The Financial Stability Oversight Council will hold a meeting at which it will finalize criteria for singling out non-bank financial companies as systemically important and thus subject to greater supervision, the U.S. Treasury Department said.
The final rule is FSOC’s second attempt to define metrics and a procedure for designating non-bank companies as systemic. Federal Reserve Chairman Ben S. Bernanke said March 29 that FSOC’s designation tool is a way regulators have become more prepared for a crisis.
FSOC “can designate any institution which it views as not being adequately regulated to come under the supervision of the Federal Reserve,” Bernanke said in a March 29 lecture. “And that’s a process that’s going on now, so there will not be any more large, complex, systemically critical firms that have no oversight.”
The FSOC, headed by Treasury Secretary Timothy F. Geithner, proposed a rule in October that set standards for determining which non-bank firms require Federal Reserve scrutiny. Banks with over $50 billion in assets were automatically deemed risky to the financial system in the event of their failure.
Final Rule
The final rule regulators will approve tomorrow will be largely unchanged from that proposed in October, said officials familiar with the deliberations who spoke on condition of not being further identified. The wording, however, can be changed until the vote is taken.

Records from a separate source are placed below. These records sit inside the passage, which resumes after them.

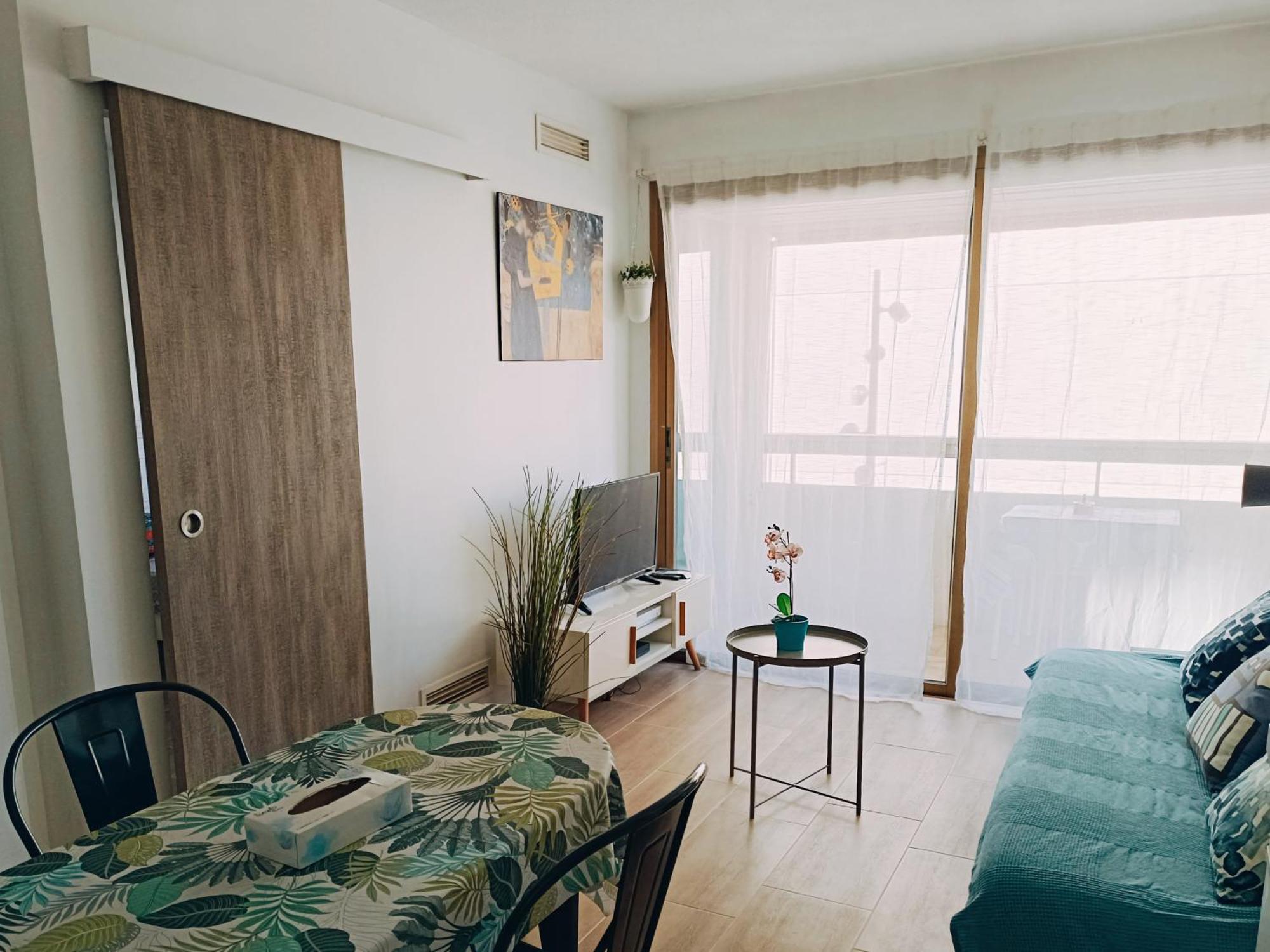 2 pièces climatisé avec balcon dans le vieil Antibes, résidence moderne avec ascenseur Exterior foto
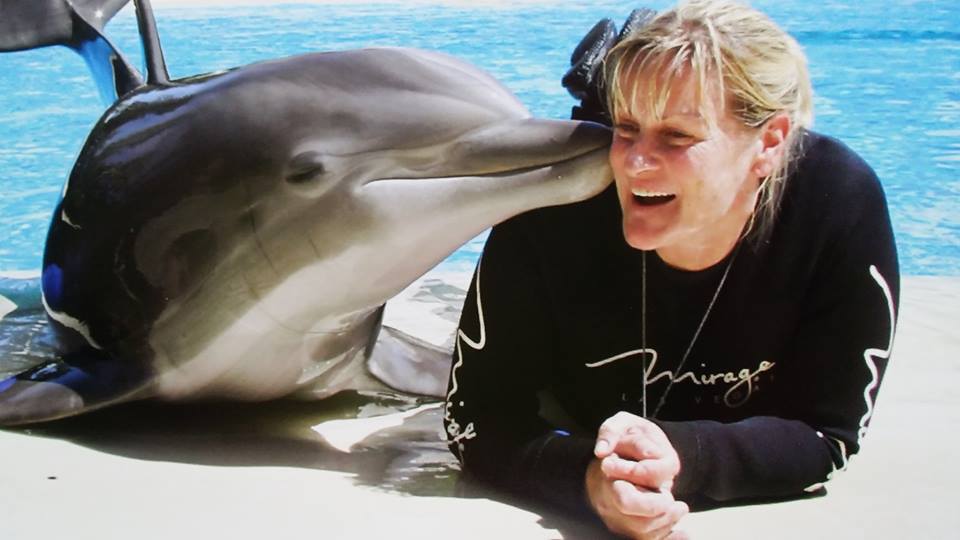 Kerrie Searle (Animal Communicator) and Duchess the Dolphin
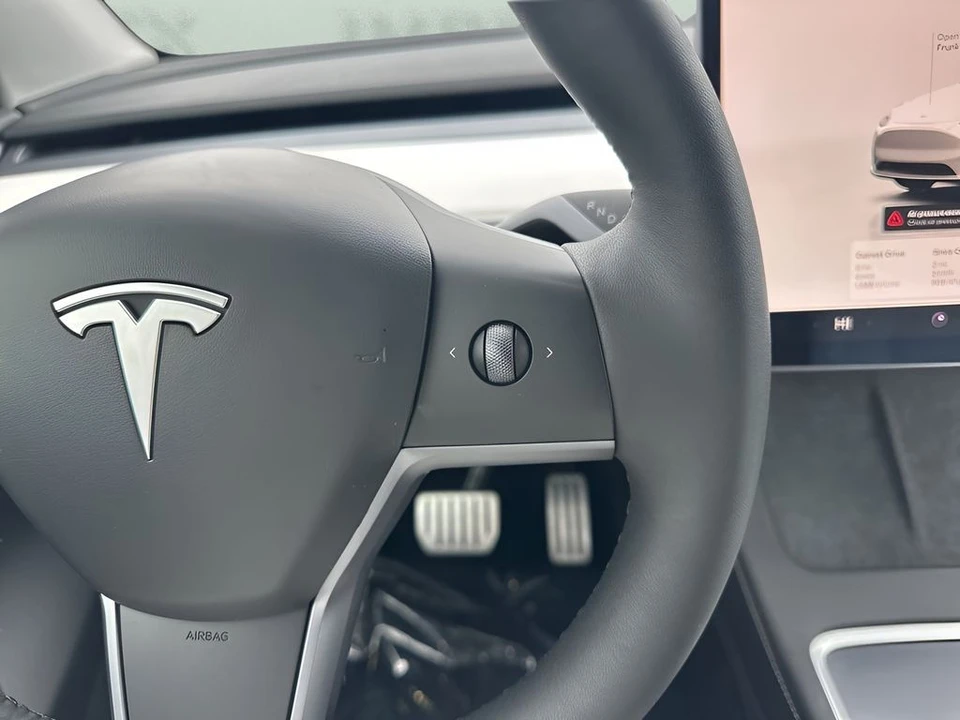 2023 Tesla Model Y Performance - Image 17 of 21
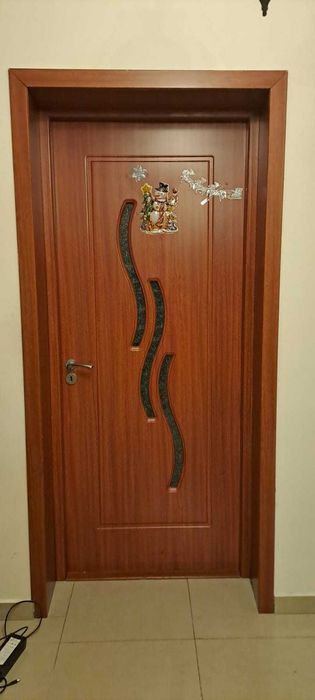 Usi de interior din MDF cu sticla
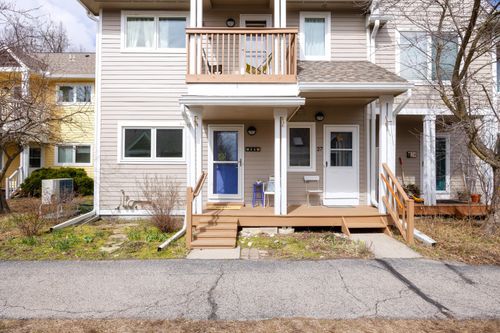 26-424 Little Lake Dr, Ann Arbor, MI, 48103-6207 | Card Image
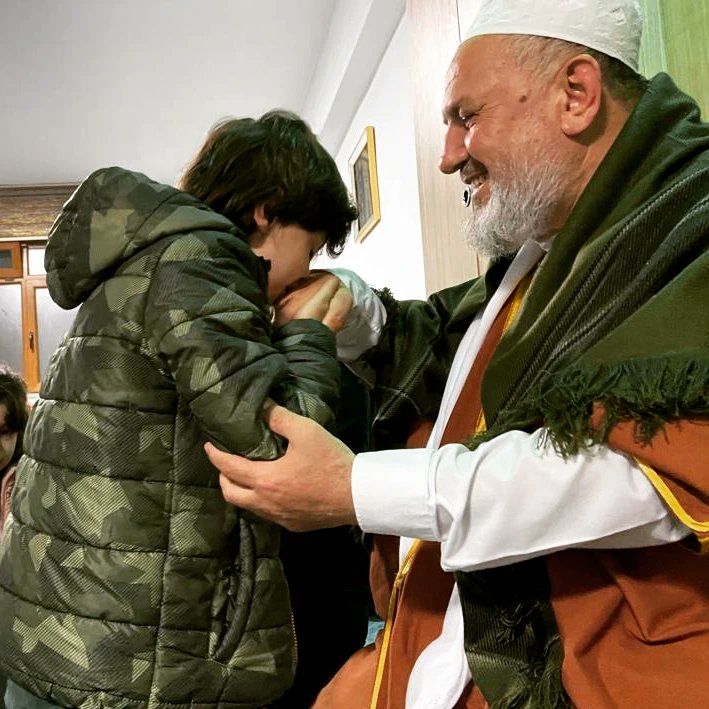Eyyubivakfi1's tweet photo. 🕋🕋🕋
Esselâmû Aleyküm
Selahaddin Eyyûbi Hocaefendi
Sohbet ve Zikir Meclisi
.
.
.
.
.
.
#sohbet #zi̇ki̇r #faruki
#hocaefendi
#farukizikir #Allah
#mekke #medine #meclis #dergah
#ilahi #dzikir #sufi
#sofi #tasavvuf #qadri
#hadis #kuran
#sünnet #dua #islam #eyyubi https://t.co/RgN3gqIdvL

“It is an important step in the whole Dodd-Frank reform,” said Edward Hida, the global leader of risk and capital management for Deloitte & Touche LLP. “Systemic risk is one of the most important elements of the Dodd-Frank reform and building that into the oversight of regulation through FSOC and designation is the cornerstone.”
Under the October proposal, regulators will evaluate non-bank financial companies with more than $50 billion in assets if they meet any one or more of the following thresholds: A 15-to-1 leverage ratio; $3.5 billion in liabilities on derivatives contracts; $20 billion of outstanding loans borrowed and bonds issued; $30 billion in gross notional credit-default swaps outstanding; or a 10 percent ratio of short-term debt to assets.

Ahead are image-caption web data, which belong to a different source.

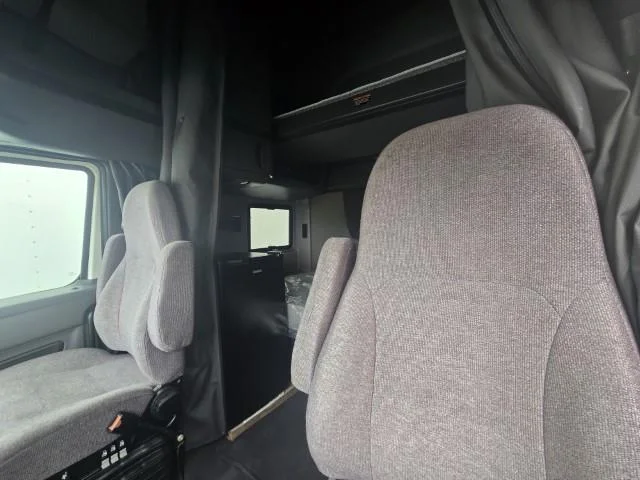 2024 International LT - image 9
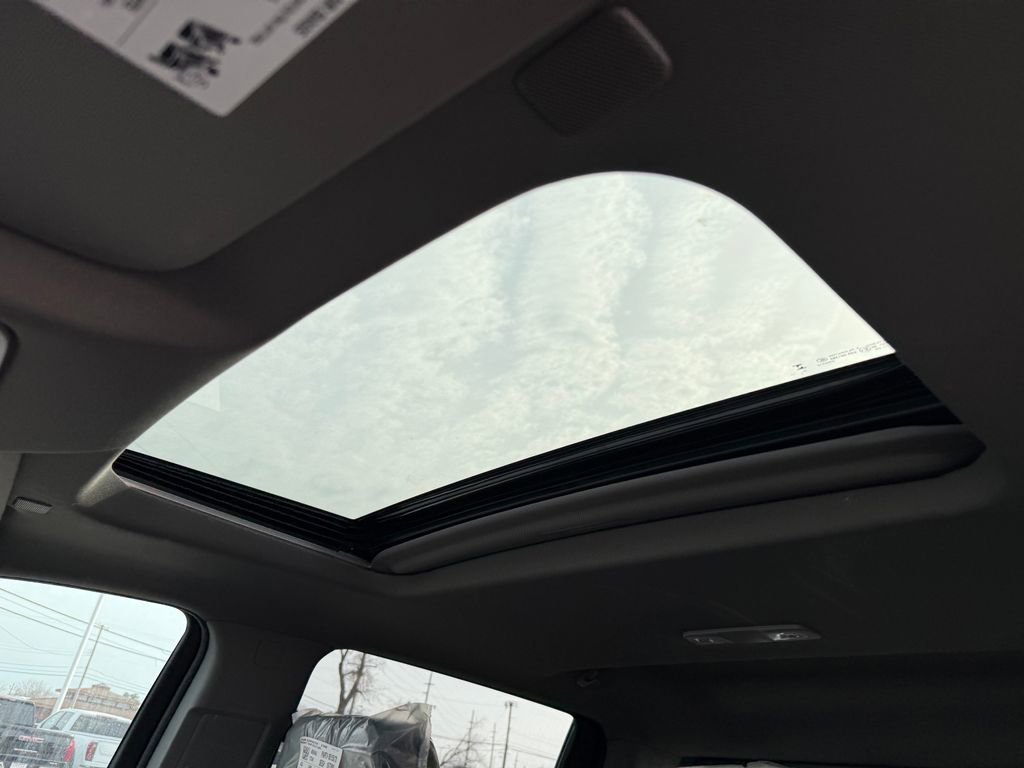 New 2026 GMC Sierra 3500 Denali w/ Denali Reserve Package image 17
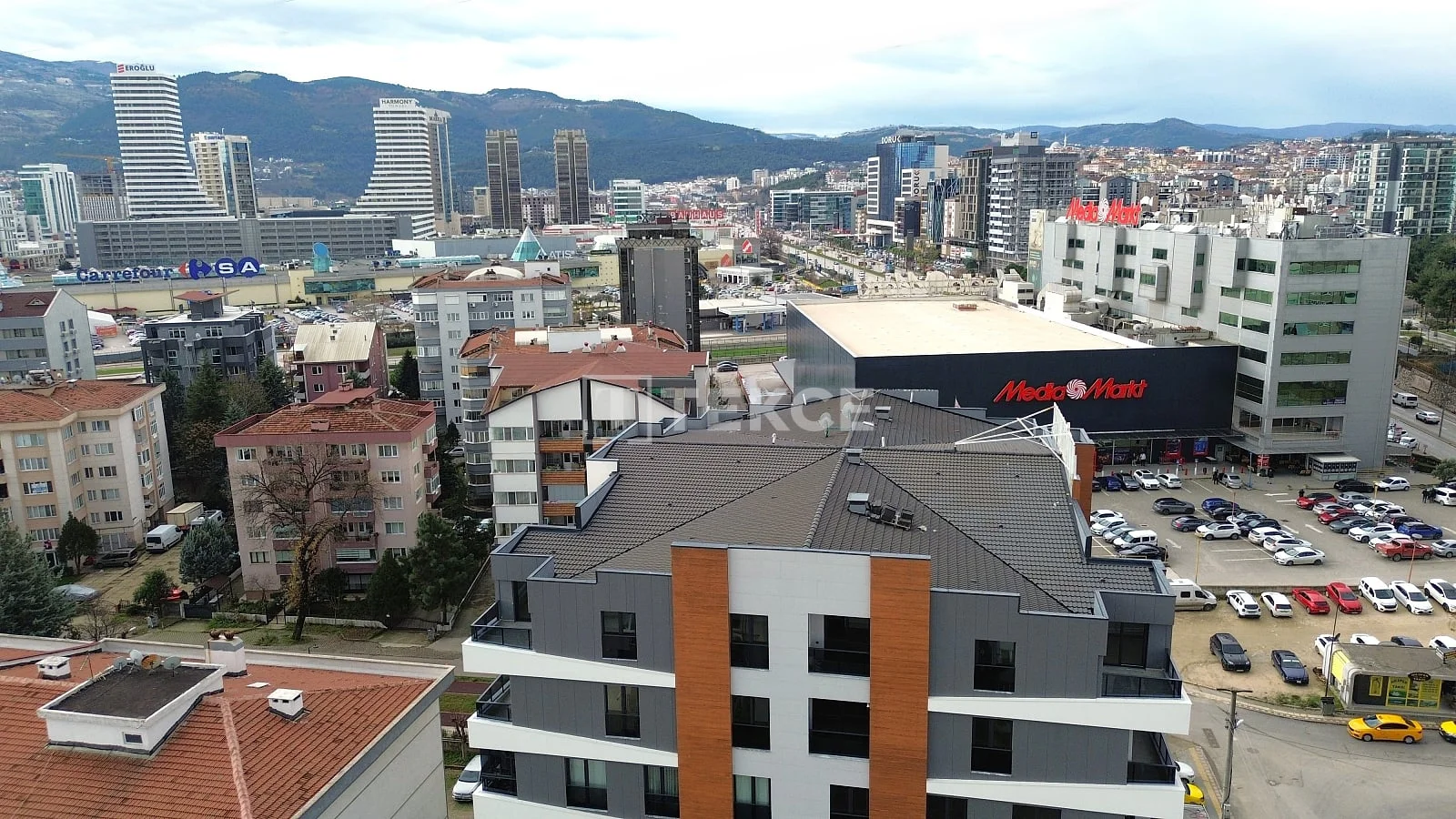 2-Bedroom Apartment with City View in Nilüfer, Bursa, photo 2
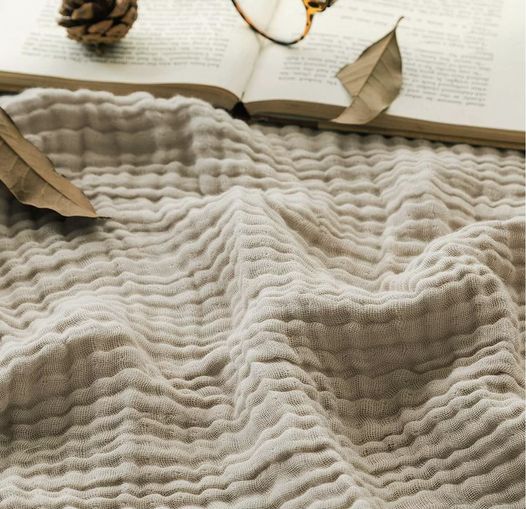 Emme muslin blanket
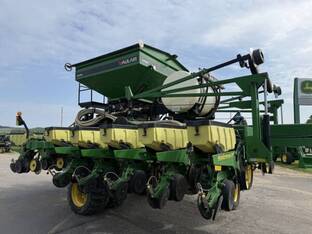 2014 John Deere DB44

Under a three-step process, the council will use additional data, including size, interconnectedness and liquidity risk to identify a subset of non-bank financial companies. The council will use publicly available figures to analyze the companies, and then regulators will contact the firm in question to collect more information.
FSOC will retain a provision that the panel will have the flexibility to designate any company as systemically important even it doesn’t meet any of the criteria, according to the people familiar with the deliberations.

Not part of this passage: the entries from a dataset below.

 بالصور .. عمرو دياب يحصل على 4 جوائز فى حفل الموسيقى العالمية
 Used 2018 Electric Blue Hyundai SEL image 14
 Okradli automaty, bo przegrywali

Geithner said Feb. 2 that the first non-bank companies to be deemed systemically risky will be named this year.
Under the Dodd-Frank act, once the FSOC designates companies as systemic, the Fed would then subject these firms to heightened standards, including raising capital and reducing risky practices. The companies also would have to file “living wills” so they could be unwound in an orderly way if they failed.
Risky Firms
Plans to designate systemically risky firms were set back after lawmakers and industry executives complained that the initial proposed criteria, released in January 2011, were too vague. FSOC responded in October with a new proposal with metrics for designation.
Even after the rule is final, it is unclear how long it will take FSOC to begin designations.
“They probably need to proceed carefully because there could be court challenges, there could be other procedural hurdles.” said Satish Kini, co-chairman of the banking group at law firm Debevoise & Plimpton LLP. “Congress is going to be interested in how they go about this.”
“They know this is a task that is not going to make any friends for the administration,” said Ernest Patrikis, a partner at the law firm White & Case LLC and a former general counsel at the Federal Reserve Bank of New York. “Politically it’s not an easy task because even if you meet certain criteria there are going to be significant costs.”